We happened to see Damascus on a national holiday. September, the 15th was the birthday of the Prophet Muhammad. The holy city of Damascus was full of guests and pilgrims. The crowd at the market was so thick that I was afraid of getting lost in it. My sense of direction is non-existent. Had I been separated from the group, I would never have found the way out.
Dinner in the Orient is a long affair. The food was served in such quantities that far exceeded our ability to consume it. Some dishes remained untouched and we did not want this food wasted. Learning from our experience, we started to ask not to bring so many plates and to speed up the service a little but it did not always work.
When we returned to the hotel in the evening, I was dead tired. All I could think of was catching up on sleep but our guides suggested to go the bar. I did not want to miss that and went with the group. So, we walked to it.
The bar was tiny and quite dark. Apart from us in the bar were four local men who sat in the corner and smoked in silence. The music was popular Western songs that made us all to get up and dance. My tiredness was gone in an instance. A bust of energy came out of nowhere. We laughed and danced like there was no tomorrow providing free entertainment for the men in the corner whose eyes did not leave our group.

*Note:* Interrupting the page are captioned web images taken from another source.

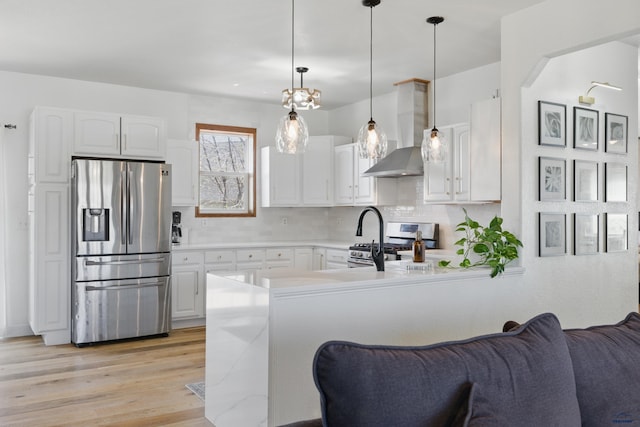 kitchen with white cabinets, stainless steel appliances, and wall chimney exhaust hood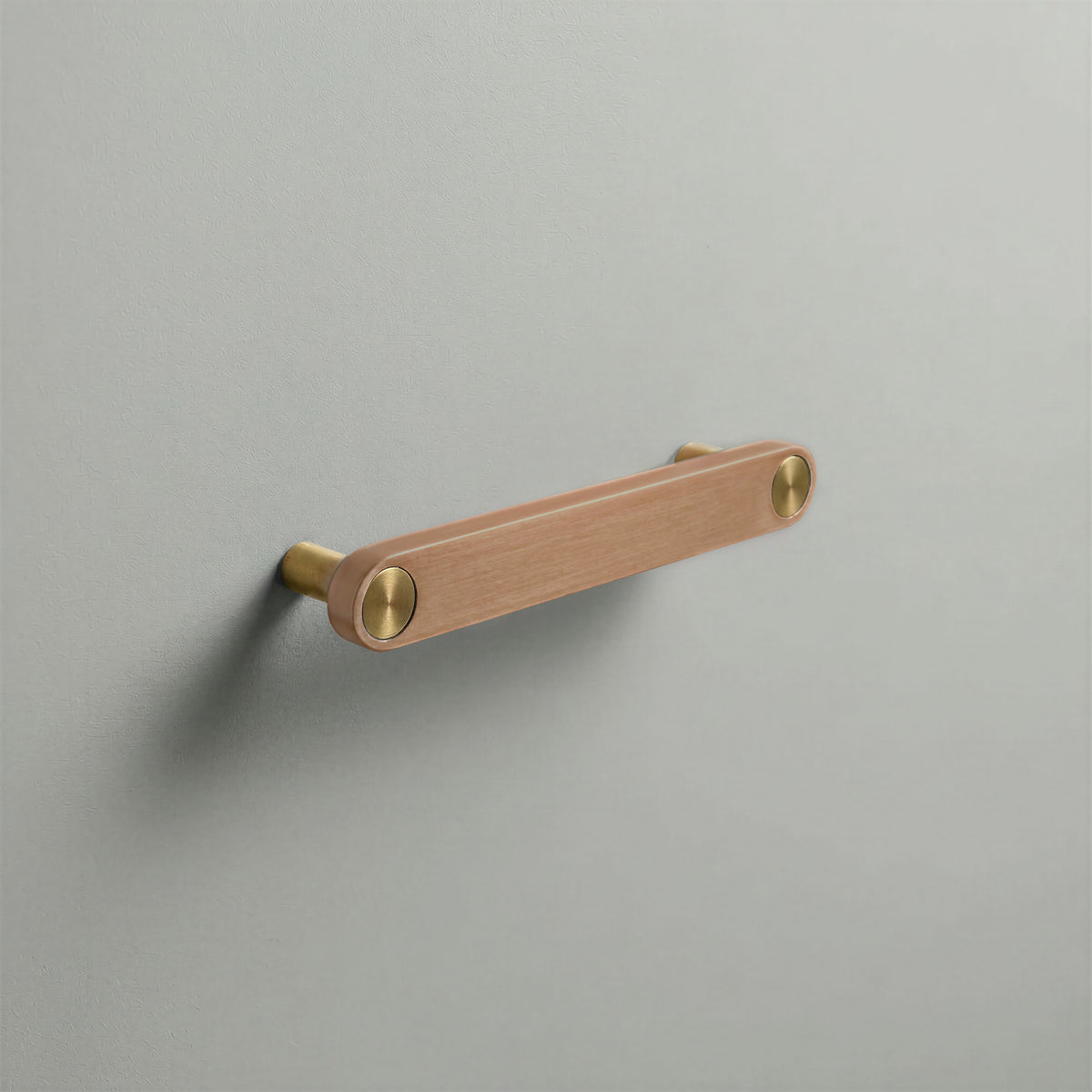 Brushed Copper Ensemble Handle in 128mm (5″) Centres size with Brass button detail by Sloan Roberts.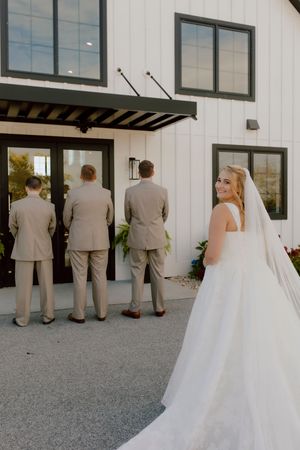 Bride in white gown smiles as groomsmen in tan suits face a white barn venue.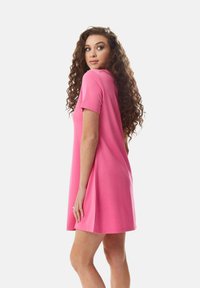 Short pink dress with short sleeves, A-line shape, made of smooth fabric. Features a rounded neckline and a loose fit around the hips.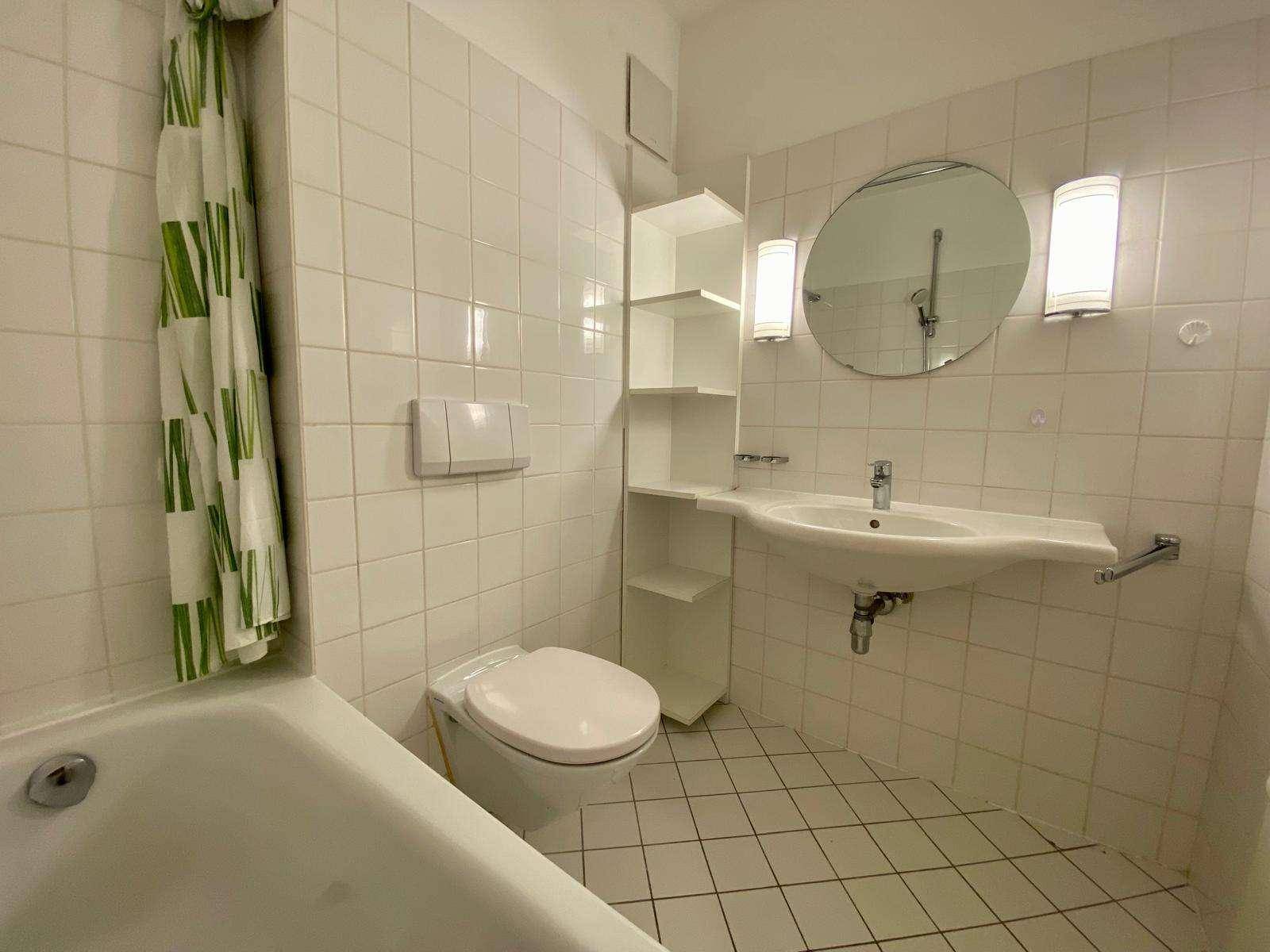 Helles Badezimmer mit weißen Fliesen, Badewanne mit Duschvorhang und WC.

I was painfully shy as a child. If someone who I did not know asked me a question my mind went blank. I blushed and either said nothing or blurted out something stupid that made the asker to doubt seriously about my mental health. This person would immediately take their leave and never approach me again. When I was a teenager, I did not go to dance clubs or parties knowing that I would feel utterly out place there. It took me decades to overcome this shyness and I still have some of it in me. And there I was, dancing away in a night bar in Damascus. If I had been told 50 years ago that I would do that, I would have never believed it.
We returned to the hotel at midnight. Now, truly exhausted I could finally get so much needed sleep.